1. This matter came before me on 13-12-1951. The learned District Judge had taken the view that the decision of the Authority under the Payment of Wages Act directing the employer to pay certain wages to his employee was incompetent inasmuch as the Authority had no jurisdiction to decide the question whether the suspension of the employee was rightful or wrongful. Having taken that view the learned District Judge did not decide the appeal on merits. I, therefore, Sent the matter back to him and directed him to decide the appeal on merits.
The learned District Judge decided in favour of the employee on merits, but he held that part of the claim of the employee was barred inasmuch as the Authority had wrongly condoned the delay in making the original application under Section 15 of the Payment of Wages Act, and therefore, he allowed the claim of the employee only in part. It is from that decision that this revision application is preferred, and the first contention urged by Mr. Latifi is that the learned District Judge had no jurisdiction to reverse in appeal a decision of the Authority condoning the delay on the part of the employee.
2. In order to decide this point it is necessary to look at the scheme of the Payment of Wages Act. Sub-section (2) of Section 15 provides that where contrary to the provisions of the Act any deduction has been made from the wages of an employed person, or any payment of wages has been delayed, such person may apply to the Authority for a direction under Sub-section (3). The first proviso to this Sub-section lays down the period of limitation and that period is that the application must be presented within six months from the date on which the deduction from the wages was made or from the date on which the payment of the wages was due to be made, as the case may be. Then there is a second proviso to this Sub-section and that is that any application may be admitted after the said period of six months when the applicant satisfies the Authority that he had sufficient cause (or not making the application within such period.
Therefore, a statutory right is given to every employee to present an application within six months under Sub-section (2) of Section 15. If he presents an application beyond six months, he has no right to do so, and an order is necessary from the Authority under the second proviso before such an application can be admitted, and the Authority can only make such an order provided it is satisfied that he had sufficient cause for not making the application within the statutory period. Then we come to Sub-section (3) of Section 15 and that provides that when any application under Sub-section (2) is entertained, the Authority shall hear the applicant and the-employer or other person responsible for the payment cf wages under Section 3, or give them an opportunity of being heard, and after such further inquiry, if any, as may be necessary may, (and I am quoting the relevant part of the Sub-section) direct the refund to the employed person of the amount deducted or the payment of the delayed wages, together with the payment of such compensation as the Authority may think fit.

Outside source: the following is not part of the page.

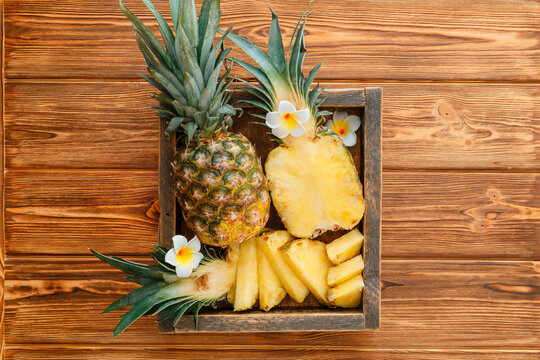 Sliced Pineapple. Tropical summer fruit pineapple halves and whole pineapple on brown dark table in wooden box with tropical plumeria flowers. Top view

Sub-section (4) of Section 15 gives the power to the Authority to impose a fine not exceeding. Rs. 50 upon the employee to be paid to the employer if it is satisfied that the application was either malicious or vexatious. Then comes Section 17 which is a section which deals with appeals, and that section provides that an appeal against a direction made under Sub-section (3) or Sub-section (4) of Section 15 may be preferred to the tribunal mentioned in that Sub-section. Now an appeal is always the creature of statute and the right of appeal is limited by the law which gives that right, and an appellate Court can-not exercise wider powers of correcting the lower Court than are strictly conferred upon it by the law which creates the appellate Court. Therefore, it is clear that under Section 17 the powers of the appellate Court are confined to hearing an appeal from a direction made by the Authority under Sub-section (3) or Sub-section (4) of Section 15.
3. In this case the Authority in ordering the employer to make payment to the employee of wages for the period during which the employee was suspended, undoubtedly made a direction under Sub-section (3) of Section 15 and the employer had the right of appeal to the District Court in respect of that direction under Section 17. But the question that has got to be considered is whether in hearing the appeal against the direction of the Authority under Sub-section (3) of Section 15 the District Court had jurisdiction to consider the order made by the Authority con-doning delay.
There can be no doubt that the order of condonation which the Authority is authorised to make is an order made under Sub-section (2) of Section 15 and not under Sub-section (3) of Section 15. Subsection (3) only comes into play when any application under Sub-section (2) is entertained, and an application under Sub-Section (2) can only be entertained if it is either within the statutory, period of six months, in which case the employee has a statutory right to have his application heard, or if it is beyond the period of six months, it is admitted by the order of the Authority condoning the delay. The Authority is not competent to entertain the application at all unless it has condoned the delay if it is filed beyond six months.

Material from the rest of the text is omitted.